O advento do digital e as possibilidades múltiplas da internet vieram abrir as portas a um sem-número de oportunidades no cinema, que ainda parecem estar a ser pouco aproveitadas, especialmente em Portugal. Mudar de Vida é uma das excepções que parece confirmar essa regra, ao ter sido financiado por crowdfunding, tendo garantido inclusive distribuição comercial.
Mudar de Vida vem colmatar uma lacuna importantíssima na cultura popular portuguesa, ao contar a vida e obra de José Mário Branco, vulto incontornável da música nacional, mas também do activismo político. Como o próprio subtítulo do documentário indica, a agenda é simples: falar sobre o homem e a sua obra, desde o início até aos dias de hoje.

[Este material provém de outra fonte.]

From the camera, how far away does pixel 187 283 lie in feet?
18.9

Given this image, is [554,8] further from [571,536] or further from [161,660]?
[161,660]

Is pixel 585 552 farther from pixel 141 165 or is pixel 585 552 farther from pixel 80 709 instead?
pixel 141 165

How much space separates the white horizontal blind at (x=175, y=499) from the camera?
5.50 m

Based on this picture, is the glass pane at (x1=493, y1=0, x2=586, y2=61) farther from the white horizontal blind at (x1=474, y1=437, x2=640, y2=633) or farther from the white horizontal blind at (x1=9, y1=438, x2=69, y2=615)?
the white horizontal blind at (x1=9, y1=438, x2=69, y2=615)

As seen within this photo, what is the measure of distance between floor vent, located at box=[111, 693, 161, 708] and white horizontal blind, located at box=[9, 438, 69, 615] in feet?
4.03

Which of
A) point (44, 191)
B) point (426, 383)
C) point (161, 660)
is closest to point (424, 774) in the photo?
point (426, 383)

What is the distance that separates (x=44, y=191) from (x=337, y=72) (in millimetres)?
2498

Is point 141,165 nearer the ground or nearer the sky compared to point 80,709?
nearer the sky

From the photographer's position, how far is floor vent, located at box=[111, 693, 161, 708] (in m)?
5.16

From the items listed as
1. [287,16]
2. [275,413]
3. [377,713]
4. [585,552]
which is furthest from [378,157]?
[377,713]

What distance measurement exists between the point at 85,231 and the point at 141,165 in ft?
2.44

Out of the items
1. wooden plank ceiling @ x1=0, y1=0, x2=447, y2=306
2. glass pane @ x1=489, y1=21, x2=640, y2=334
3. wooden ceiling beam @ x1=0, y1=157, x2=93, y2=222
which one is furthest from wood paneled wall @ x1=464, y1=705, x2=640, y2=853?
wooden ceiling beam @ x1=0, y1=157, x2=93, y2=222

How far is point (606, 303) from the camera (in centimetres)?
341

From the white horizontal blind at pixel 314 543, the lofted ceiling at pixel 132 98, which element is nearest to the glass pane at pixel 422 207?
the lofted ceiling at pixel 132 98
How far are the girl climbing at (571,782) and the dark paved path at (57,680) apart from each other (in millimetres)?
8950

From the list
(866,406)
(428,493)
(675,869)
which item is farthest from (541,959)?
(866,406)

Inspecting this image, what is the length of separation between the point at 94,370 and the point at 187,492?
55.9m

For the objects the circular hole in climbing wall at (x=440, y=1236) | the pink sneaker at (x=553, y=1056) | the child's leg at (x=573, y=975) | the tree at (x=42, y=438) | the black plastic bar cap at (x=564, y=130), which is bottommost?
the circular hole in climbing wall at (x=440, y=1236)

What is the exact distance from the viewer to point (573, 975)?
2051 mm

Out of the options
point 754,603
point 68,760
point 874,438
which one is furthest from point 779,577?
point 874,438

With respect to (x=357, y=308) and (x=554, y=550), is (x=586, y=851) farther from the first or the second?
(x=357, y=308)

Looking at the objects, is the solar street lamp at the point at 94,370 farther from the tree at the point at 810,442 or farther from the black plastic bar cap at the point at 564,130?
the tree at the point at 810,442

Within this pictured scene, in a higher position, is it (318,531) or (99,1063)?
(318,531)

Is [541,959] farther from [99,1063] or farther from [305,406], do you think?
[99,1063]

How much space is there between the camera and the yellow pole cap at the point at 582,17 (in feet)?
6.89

O documentário inicia-se com José Mário Branco, na actualidade, a interpretar o Mudar de Vida ao vivo e depois recua ao início de tudo, contando a sua história até ao preciso momento em que sobe ao palco para aquela actuação. Pelo meio, é o próprio José Mário o narrador, complementado pelos testemunhos de outros amigos e companheiros: Luís Cília, Francisco Fanhais, Sérgio Godinho, Camané, etc.
Com uma organização certinha e arrumada, Mudar de Vida tem nas imagens de arquivo o seu trunfo mais forte, com os realizadores a fazerem um excelente trabalho de casa. E ao vermos as imagens no exílio, da bidonville francesa, ou o regresso de José Mário e respectivos companheiros ao aeroporto da Portela, acabamos mesmo por nos emocionar. De resto está lá tudo: o Partido Comunista, o salto, o GAC, a Comuna e ate a actividade mais recente, junto do Bloco de Esquerda ou do jornal Mudar de Vida.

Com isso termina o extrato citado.